Getting Data In

Creating dashboards based on field-names rather than field-values in nested-JSON

Explorer

Hi Splunkers,

I have events coming to Splunk Enterprise in the following JSON format:

{
    "ip" : "1.1.1.1"
    "mac" : "010203040506"
    "policies" : {
        "policy_name_1" : {
            "rule_name_in_policy1" : {
                "status" : "Unmatched"
                "timestamp" : "15012456757"
            }
        },
        "policy_name_2" : {
            "rule_name_in_policy2" : {
                "status" : "Matched"
                "timestamp" : "15012446751"
            }
        },
        "policy_name_3" : {
            "rule_name_in_policy3" : {
                "status" : "Matched"
                "timestamp" : "15012456487"
            }
        }
    }
    "username" : "abstract"
}

I want to create a 'matched' dashboard which shows a pie chart conveying "rule_name_in_policy1 is matched by 25 hosts, rule_name_in_policy2 is matched by 3 hosts,... and so on). To achieve this, I can roughly think of a search string that would store the rule_names in a variable_a and possibly do a "timechart count by variable_a". But I don't know how to do this. I also can't figure out how to filter out all instances of (policies.policy_name_x.rule_name_in_policyx.status=Matched).

I'm new to SPL. Can someone please help me with writing the correct search string?

EDIT: Updated the event data format to include double quotes. These double quotes are not allowing me to use the rex command suggested by DalJeanis in his very well-written and clear answer.

0 Karma

Explorer

After some thought on the answer by Dal above where he laid out PCRE to be used by Splunk rex command, I think the event format stated by me in the question, is going to make it too complicated for the user to write such regexes if he wants to add another custom dashboard. Furthermore, there is the issue of the rex command not able to work with double-quotes in event data (although it works on regex 101).
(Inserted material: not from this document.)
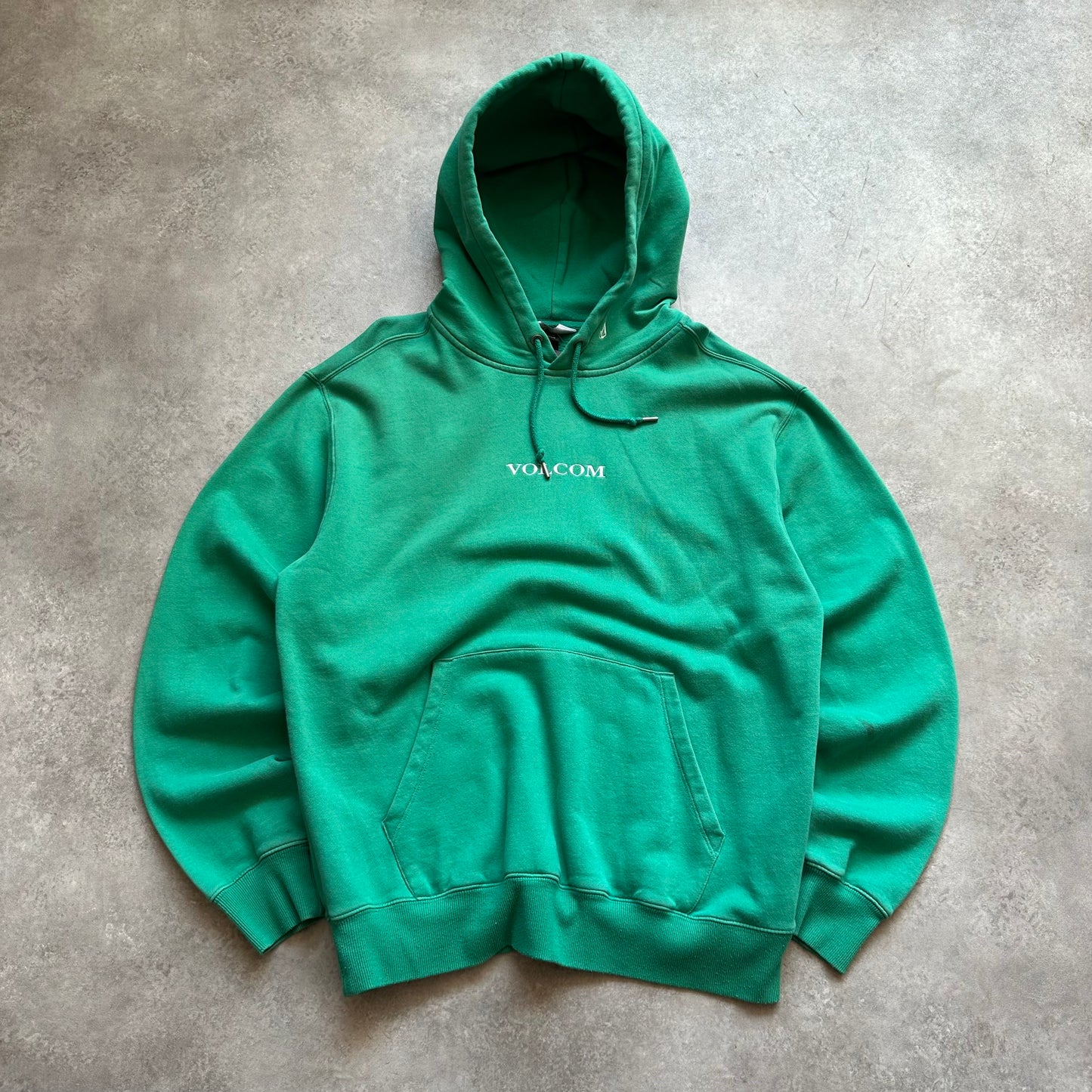 Volcom Green Hoodie M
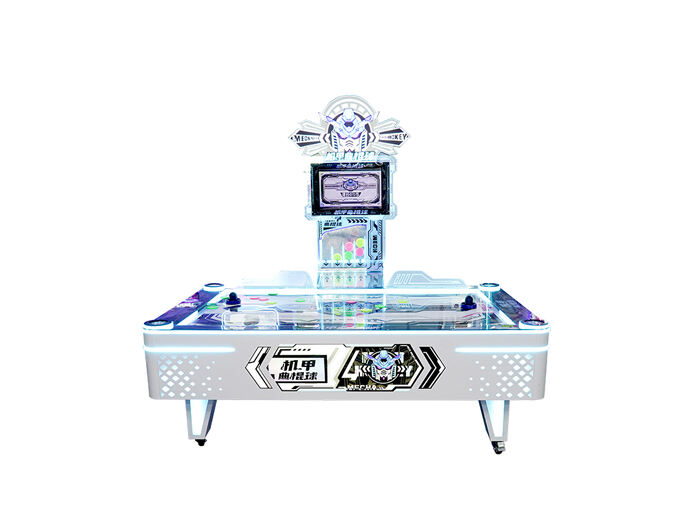 Machine d'arcade de hockey sur air Mecha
I'm thinking of alternate formats that would simplify search queries for the user. Here is another that I can think of:

{
    "ip":"1.1.1.1",
    "mac":"010203040506",
    "policies":[
        {
            "policy_name":"policy_name1",
            "rule_name":"rule_name2",
            "status":"Matched",
            "timestamp":"15012456487"
        },
        {
            "policy_name":"policy_name2",
            "rule_name":"rule_name2",
            "status":"unmatched",
            "timestamp":"15012456487"
        },
        {
            "policy_name":"policy_name3",
            "rule_name":"rule_name3",
            "status":"Matched",
            "timestamp":"15012456487"
        }
    ],
    "username":"abstract"
}

With the above format, I can write a query as follows and extract all the event data:

index=fsctcenter 
| spath output=rname path=policies{}.rname 
| spath output=status path=policies{}.status 
| eval x=mvzip(rname,status)| mvexpand x 
| eval x = split(x,",") 
| eval rname=mvindex(x,0) 
| eval status=mvindex(x,1) 
| table ip, rname, status

This search string gives me a result like follows:
alt text

Now, a small question remains. Of the three events that can be seen in the image, how do I filter just the one with status=Matched for creating a timechart?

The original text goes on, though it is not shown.